Though many of Mono’s records have striven to achieve a delicate balance between electric revelries of drenching distortion and the subtleties of orchestral music, none has done so more deftly than Hymn to the Immortal Wind. Mono has long seemed to operate under the belief that more is more, and for this album, the band enlisted its largest chamber orchestra ever, with nearly 30 (mostly string) players adding even more depth to the group’s already intricate style.
“It was not our initial plan to work with such a large group, but as I composed the album, the instrumentation came naturally, and we felt it would best fit the emotion of the songs,”Taka Goto, who founded the band and plays electric guitar, says. “Our music is heavily influenced by classical music so we’ve been wanting to take the next step in exploring more orchestral compositions.”
Mono’s emphasis on orchestration heightens the cinematic quality of its music, and on the new album, Goto collaborated with the writer Heeya So and wrote the songs based on stories she crafted, which makes Hymn to the Immortal Wind something of a concept album.

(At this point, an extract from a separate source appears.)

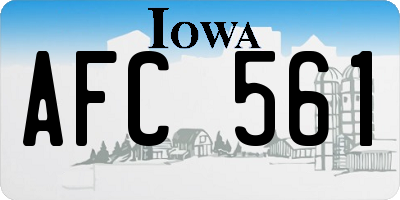 IA license plate AFC561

“We both had a very similar vision about memory and how it transcends lifetimes. It was a story we had spoken about for a while but didn’t expect to become the theme of the album,” Goto explains.

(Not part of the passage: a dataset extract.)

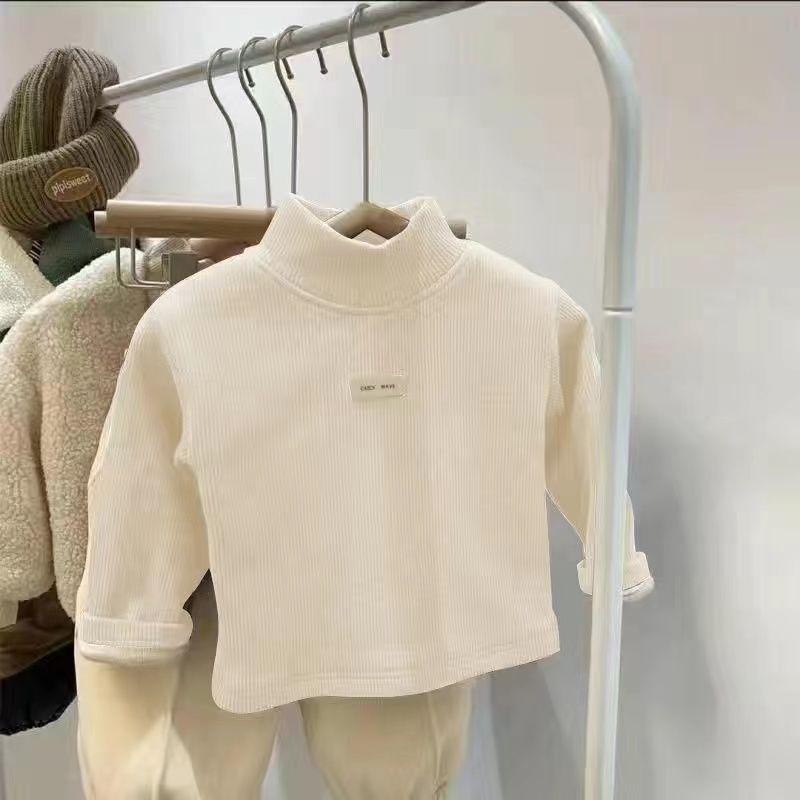 Kinder Herbst Winter Halb High Neck Pullover Langarm Bottom Shirt Kinder Baby Jungen Mädchen Kleidung Tops 100cm von Joom DACH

So’s tales are dreamy amalgams of binding love and promises to be kept across deep oceans and snowy woods, all bound together by a kaleidoscope of memory and carried on the wind.
“Wind symbolizes that which we cannot see but we know exists—traces of memory left in the soul, traces of the energy and movement of the universe,” Goto says. “While she continued to write it, I started to compose the album as if I were scoring a film, scene by scene.”

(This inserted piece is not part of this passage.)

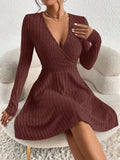 Robe tricotée mi-longue pour femmes, Slim, Sexy, moulante, col en v, manches longues, couleur unie, décontractée, pull, nouvelle collection automne/hiver 2026 - FATAONRobe tricotée mi-longue pour femmes, Slim, Sexy, moulante, col en v, manches longues, couleur unie, décontractée, pull, nouvelle collection automne/hiver 2026Mode FemmeFATAON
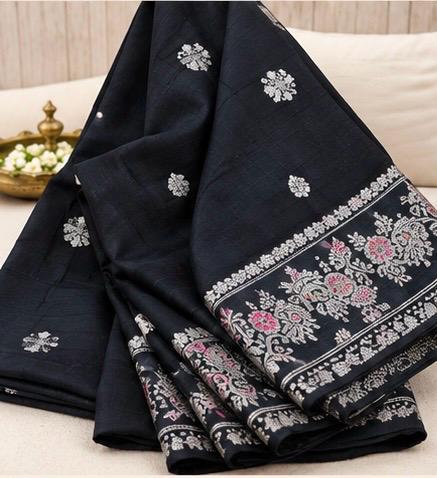 Mango Silk Viscose Saree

In line with the elaborate nature of the record, Mono will be backed by an orchestra for two shows in celebration of its 10th anniversary, the quartet’s only North American performances. And in a perfect marriage of interests, Mono will be playing as part of the Wordless Music series.
In its third season, Ronen Givony says he founded the half-classical, half rock and electronic music series in an effort to mirror the way passionate fans listen to music (often on a iPod in shuffle mode), easily transitioning from, say,Thelonious Monk to Chopin to Aphex Twin.
“Unexpected connections and shared concerns seem to arise when you introduce kind of incongruous things next to each other,” Givony says.
Though Mono recorded Hymn with Chicago musicians, the band will perform at The New York Society for Ethical Culture and (le) poisson rouge with the Wordless Music Orchestra, a New York ensemble that Givony originally pulled together for the American premiere of Johnny Greenwood’s “Popcorn Superhet Receiver” at the beginning of last year.The orchestra will start the evening with the New York premiere of Arvo Pärt’s Symphony No. 4 (with contemporary music conductor Jeff Milarsky leading the ensemble), after which it performs with Mono.
Mono played its first show outside of Japan in New York (where its record label Temporary Residence Limited is based) in 2000, which Goto considers to be a land mark for the band, making the upcoming anniversary performances even more meaningful. And the fact that the quartet has succeeded for over a decade in pursing experimental post rock, despite the fact that the underground music scene in Japan is relatively small, is a testament to the mass of devoted fans across the globe.
“There were many discouraging moments in the past, but I suppose we’ve managed because of international support and good friends around the world,” Goto says. “It has not been easy—there was a time when touring internationally and surviving on only music seemed impossible. So we are very grateful for how far we have come.”
May 8, NY Society for Ethical Culture, 2 W. 64th St. (at Central Park West), nysec.org; 7, $25/$30. Also May 9 at (le) poisson rouge.